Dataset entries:
--*--

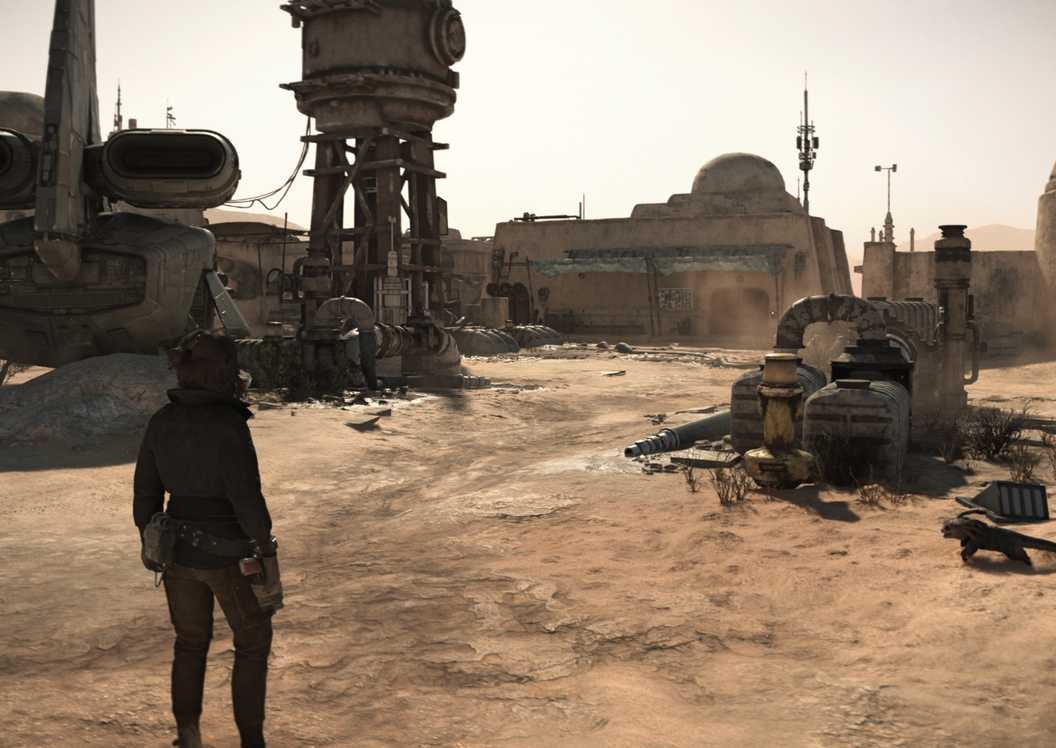 Kreator LEGO Ubah Set Anak Anjing Golden Retriever Jadi Gurun Tatooine Star Wars Lengkap dengan Bantha dan Landspeeder 11 Exploring a city on Tatooine in Star Wars Outlaws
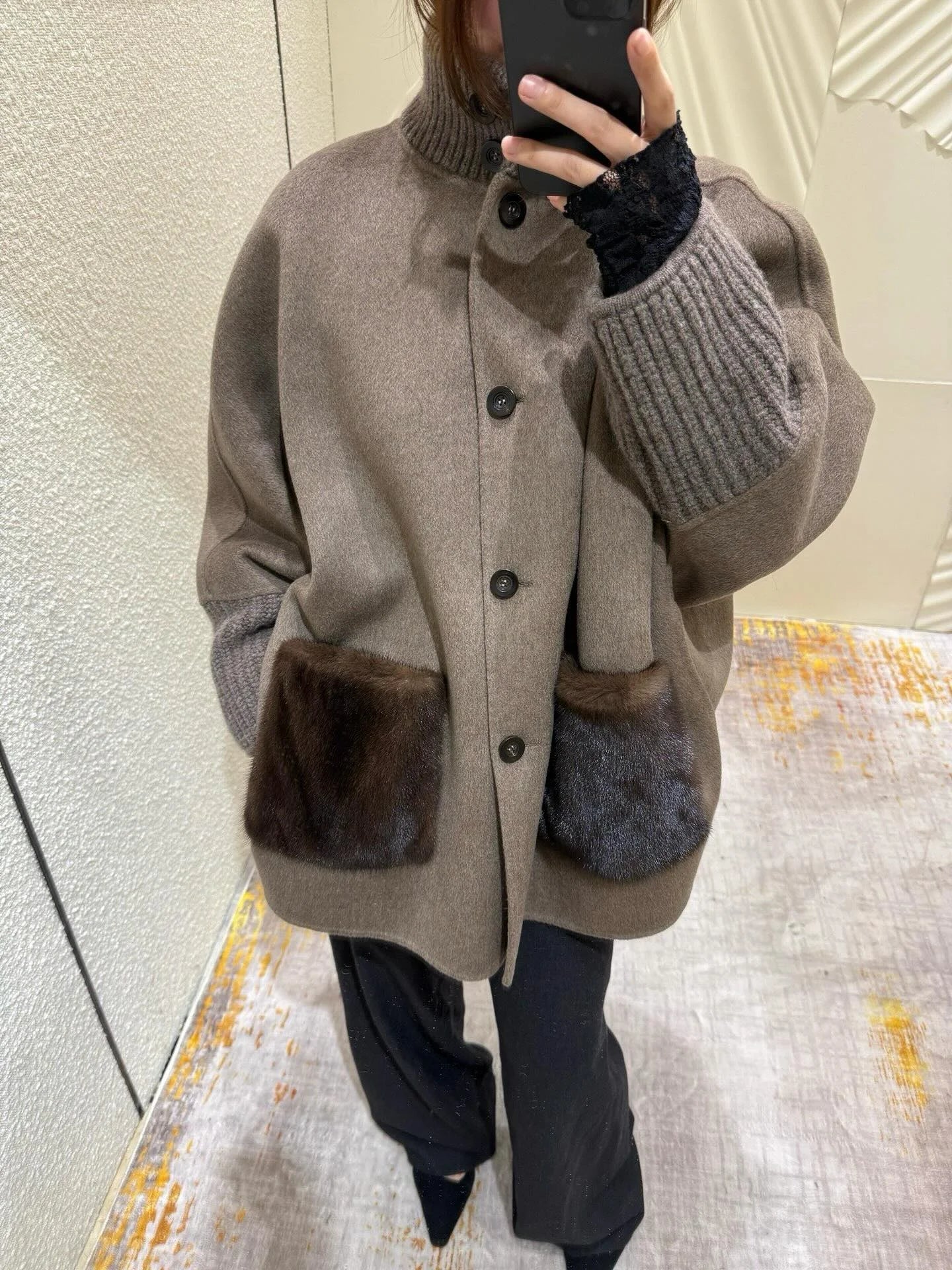 SOERA Terry Turtleneck Faux Fur Knit Coat - Jackets - 3256810016271253-;BV1764102178644259490 Brown S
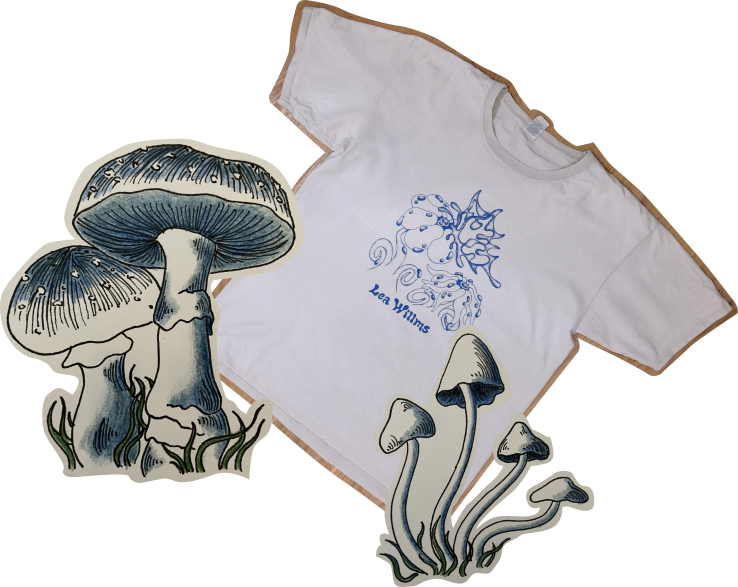 Lea's merch t-shirt. The T is white with an abstract blue line drawing of  a butterfly landing on some flowers. Beneath the image is the text 'Lea Willms' in the same blue, in a groovy 70's style font.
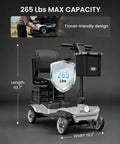 Go-To Long Range Folding Mobility Scooter For Seniors And Adults, 28.5 Mile Electric Power Ride, 265 Lbs Capacity shown folded
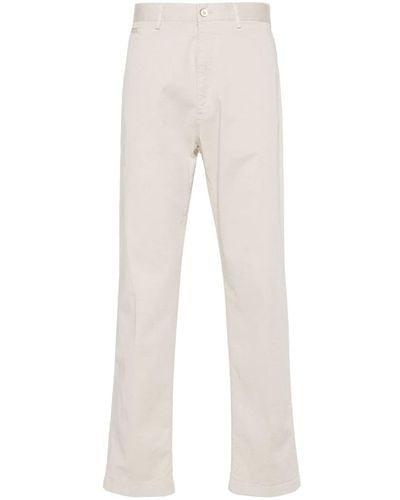 BOGGI Tapered Cotton Trousers - Natural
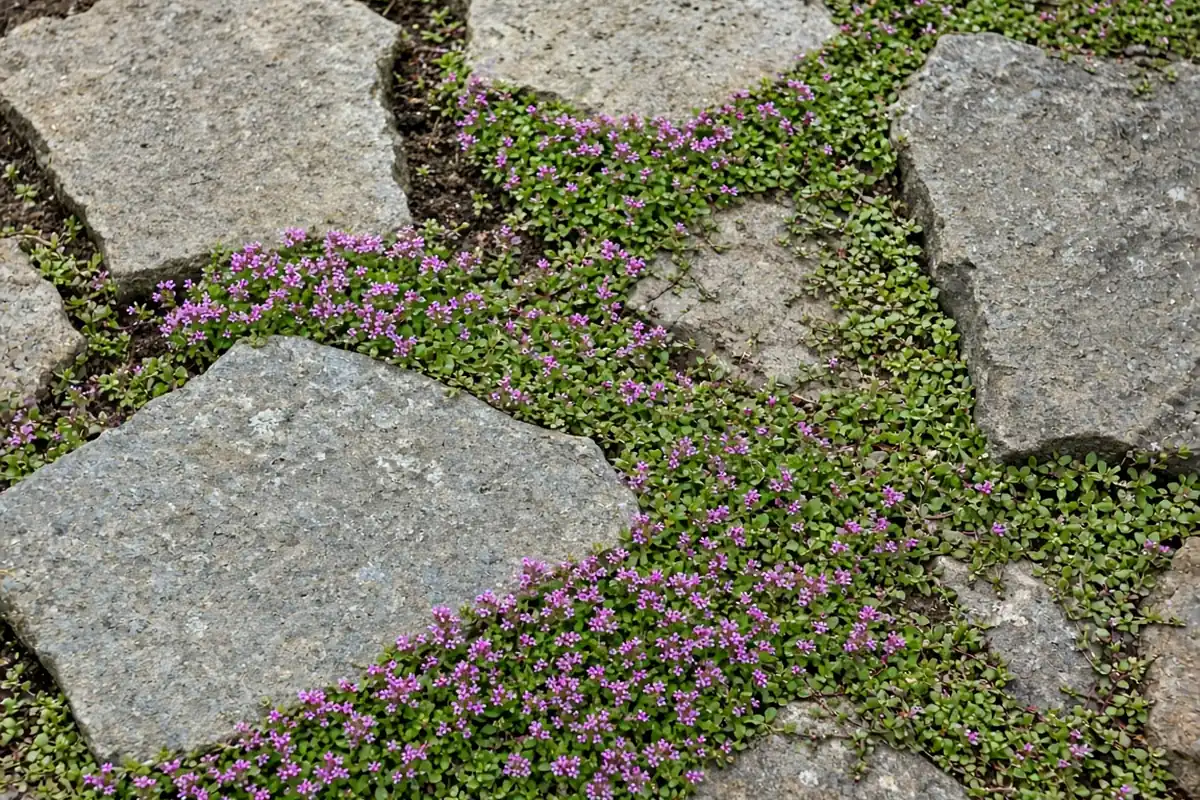 Low mat of thyme between stones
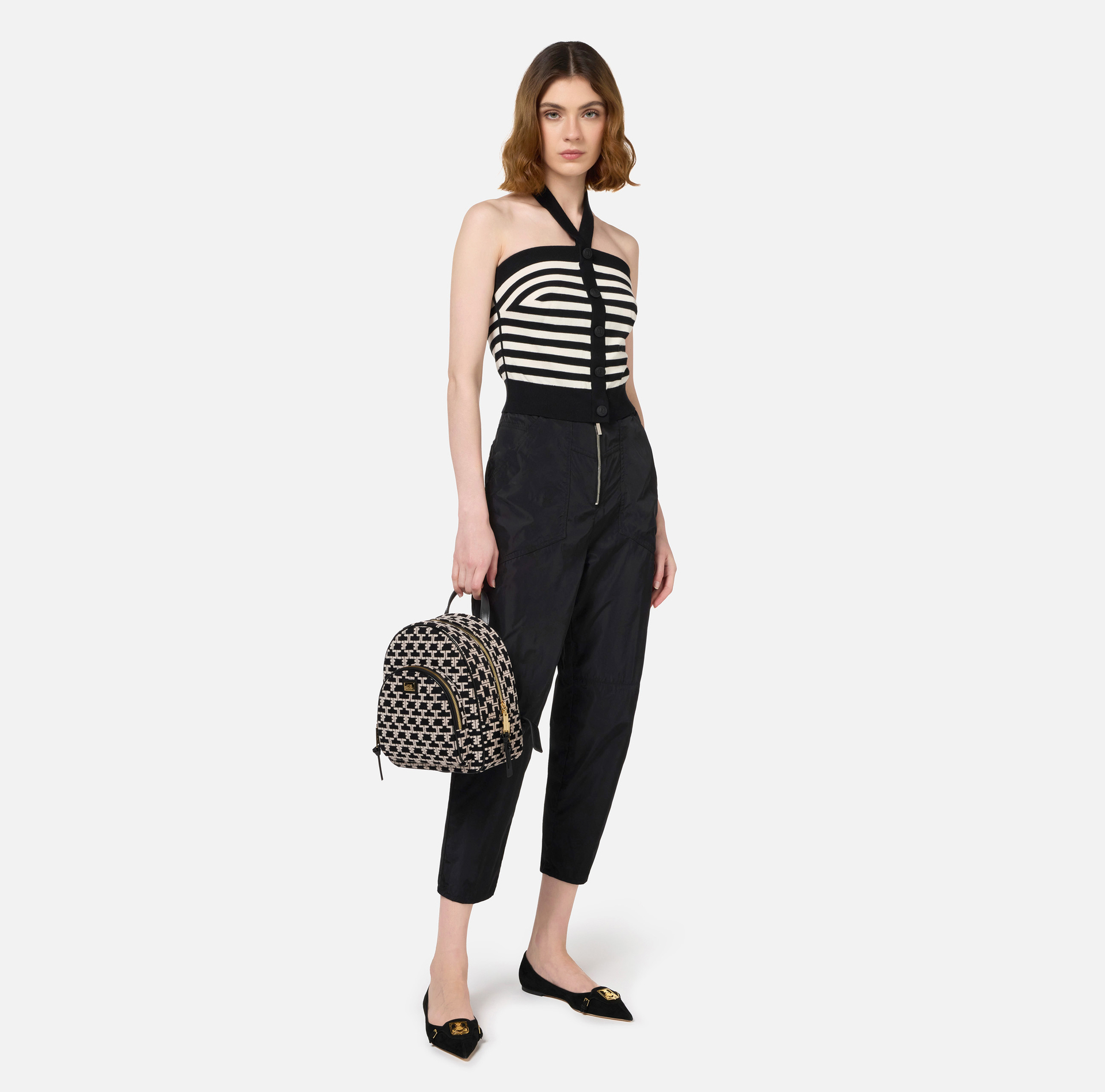 Top in lana a righe - Elisabetta Franchi® Outlet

--*--

▸ EXERCISE INSTRUCTIONS:
Set down only the lines from the one with "BOGGI Tapered Cotton Trousers - Natural" through the end of the entries, exactly as they appear, leaving out each picture.

▸ RESPONSE FOR THIS EXERCISE:
 BOGGI Tapered Cotton Trousers - Natural
 Low mat of thyme between stones
 Top in lana a righe - Elisabetta Franchi® Outlet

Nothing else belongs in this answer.